KEY POINTS:
To Lamb, who has been a foreign correspondent for several English newspapers, the real story is not the politics but the people. Instead of focusing on the "situation" in Iraq or Afghanistan or Zimbabwe, she tells the human stories.
Here are a few of the people she encounters in this fascinating, frightening collection: Mr Hassani, a former Taleban torturer. His victims' crimes were playing cards, watching a video, owning a kite. One was beaten to such a pulp it was impossible to tell whether he was dressed or not. "Every time he fell unconscious we rubbed salt into his wounds."
Alex, one of the millions of street kids in Brazil. The police routinely murder them by night because the hungry children damage the tourist trade with their begging and threats. There is widespread public support for the practice.
Dora, a 12-year-old gang-raped by Robert Mugabe's thugs for four hours until she was unable to walk, because her father did not support the president's party. Her mother and sisters were forced not only to watch but to sing songs in praise of Zimbabwe's leader. It has happened to hundreds, maybe thousands of girls, and Dora's story is not the worst.
Lamb says that of all the hellhole stories she has covered, Zimbabwe is the most heartbreaking. She visited in 1994 and marvelled at an African nation with traffic lights that worked, pothole-free roads, neat brick schools and book cafes.
Now the country is a wasteland, its starving people living in terror. Some of what were the most advanced farms in the world are charred or overgrown. At one stage last year Zimbabwe's inflation rate was about 10,000 per cent. No other country has experienced such a decline in peacetime.
The book is not all grim. Lamb's writing can move a reader to tears but somehow, perhaps essentially, she retains a sense of humour, as in her piece on the Bolivian Navy.
Bolivia has been a landlocked country since it lost a war with Chile in 1879. But it wants a piece of Pacific coastline back and says so at every opportunity. Each year there is a Day of the Sea.
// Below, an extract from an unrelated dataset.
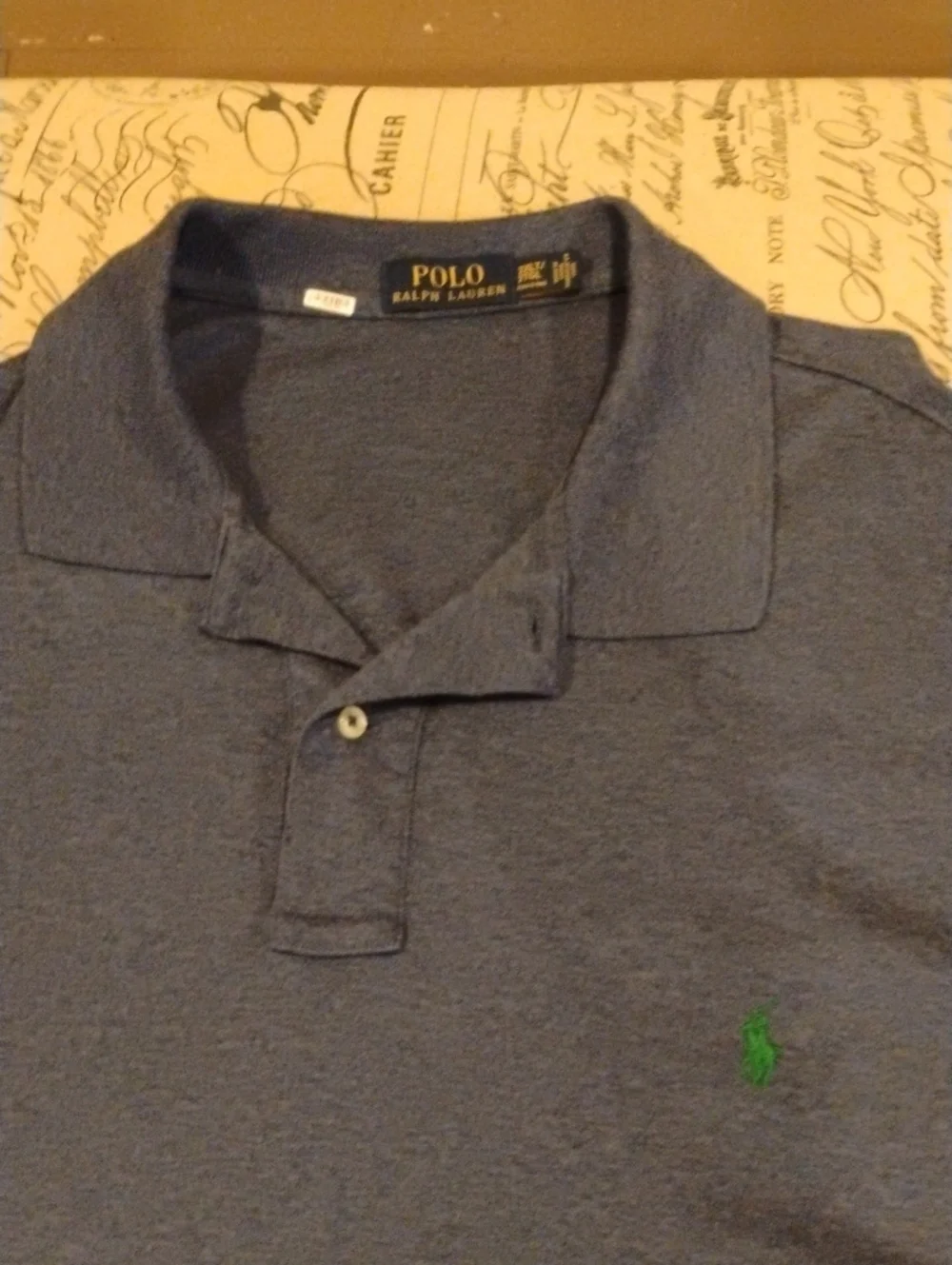 Polo by Ralph Lauren Heathered Blue Polo with Green Pony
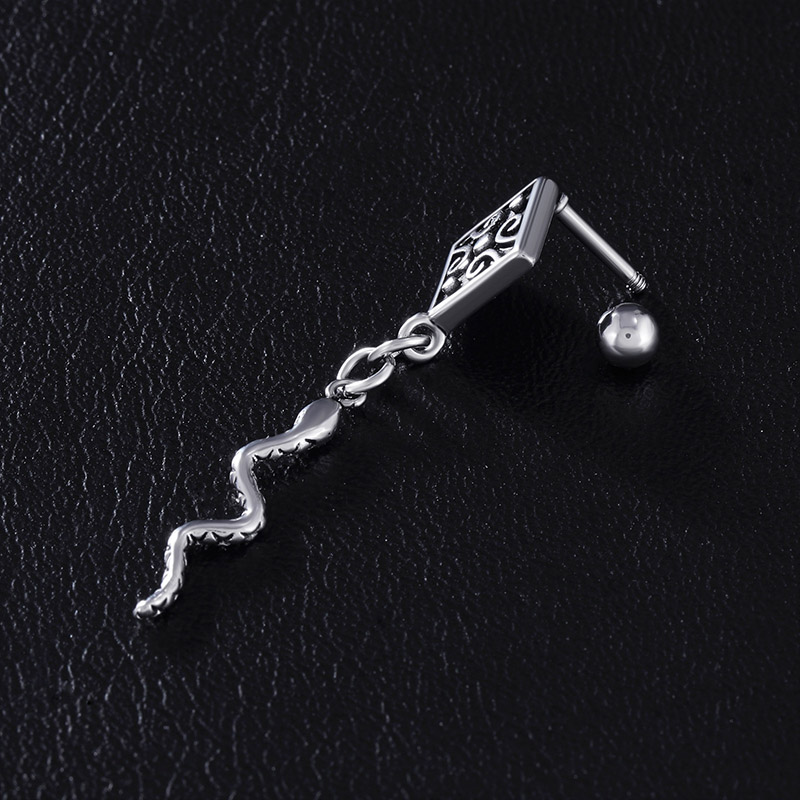 Rhombus Stud With Snake Hook Dangle Earrings With Street Luxury Shine - Image 5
School textbooks are full of pictures of crashing waves, and statues in otherwise sleepy town centres depict demonic Bolivians bayoneting hapless Chileans under the inscription: "What once was ours will again be." Meanwhile, the navy grows vegetables.
Lamb ventures up the Amazon (she'll venture anywhere) to report on the plight of the Yanomami Indians, threatened by extermination because their land is rich in minerals. She finds a Japanese karaoke club (and is forced to sing the entire Elvis catalogue); observes the Amazon's first Avon ladies, selling lipsticks from canoes; and visits an opera house in the jungle (the orchestra is Bulgarian).
In Portugal she meets a professional wailer and is told: "You never know when you might need a wailer. I do weddings, funerals, graduations. Anything where a wail or two might add some authenticity. Think of the shame of an occasion with no wailing."
And in a piece titled "Yes, I was a Cynic Until I Met Her", she covers Princess Diana's visit to landmine victims in Angola. "Many of the injuries were so gruesome that I could not look, despite years of Third World reporting. But Diana never turned her head away."
There is much more: an interview with Taleban leaders, tea with General Pinochet, a session at a Nigerian fattening room where women go to expand their bellies and buttocks so they can attract a husband.
The book is more than a collection of reports. Lamb writes introductory and linking pieces to put her human (and humane) stories in contexts - political, professional and personal - and there are footnotes updating the older articles.
She calls herself a hack but this is the work of a journalist of immense courage, integrity and insight.